PROBLEM DETAILS | What is needed is a word-for-word copy of the lines below from the one with "Foto del edificio - 215 N College St" through the one with "Montrose House |", both included, with every picture left out.

EXERCISE MATERIAL |
****************************************
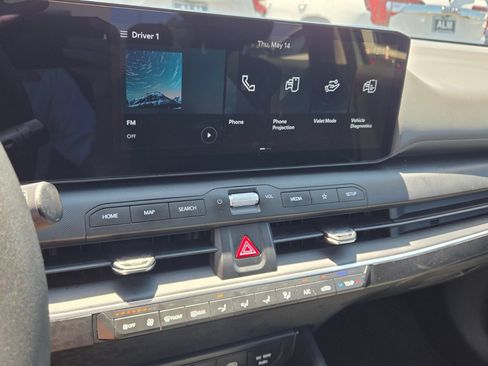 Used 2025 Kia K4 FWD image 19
****************************************
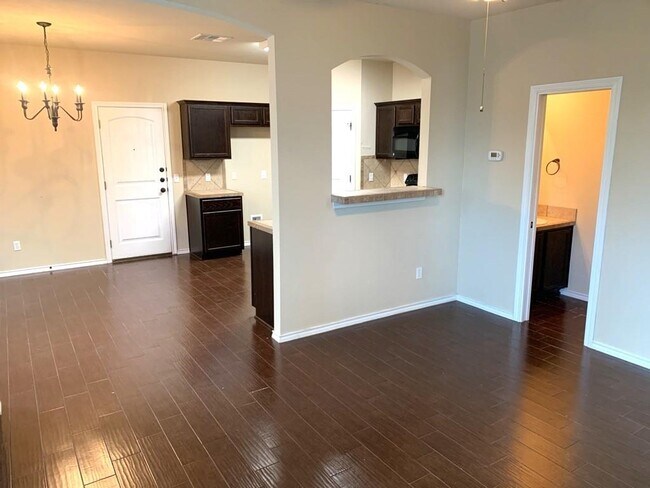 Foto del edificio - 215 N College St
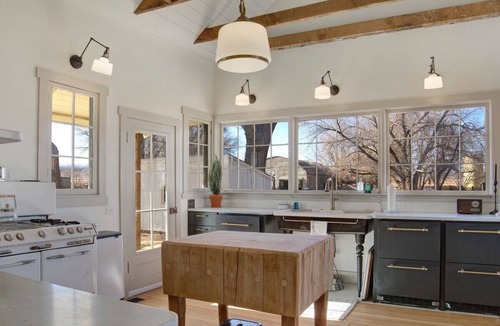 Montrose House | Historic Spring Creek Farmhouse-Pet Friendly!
****************************************
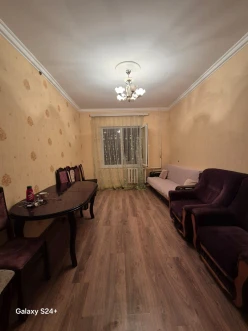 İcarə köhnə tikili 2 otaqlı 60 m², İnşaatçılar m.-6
****************************************
RESPONSE |
 Foto del edificio - 215 N College St
 Montrose House | Historic Spring Creek Farmhouse-Pet Friendly!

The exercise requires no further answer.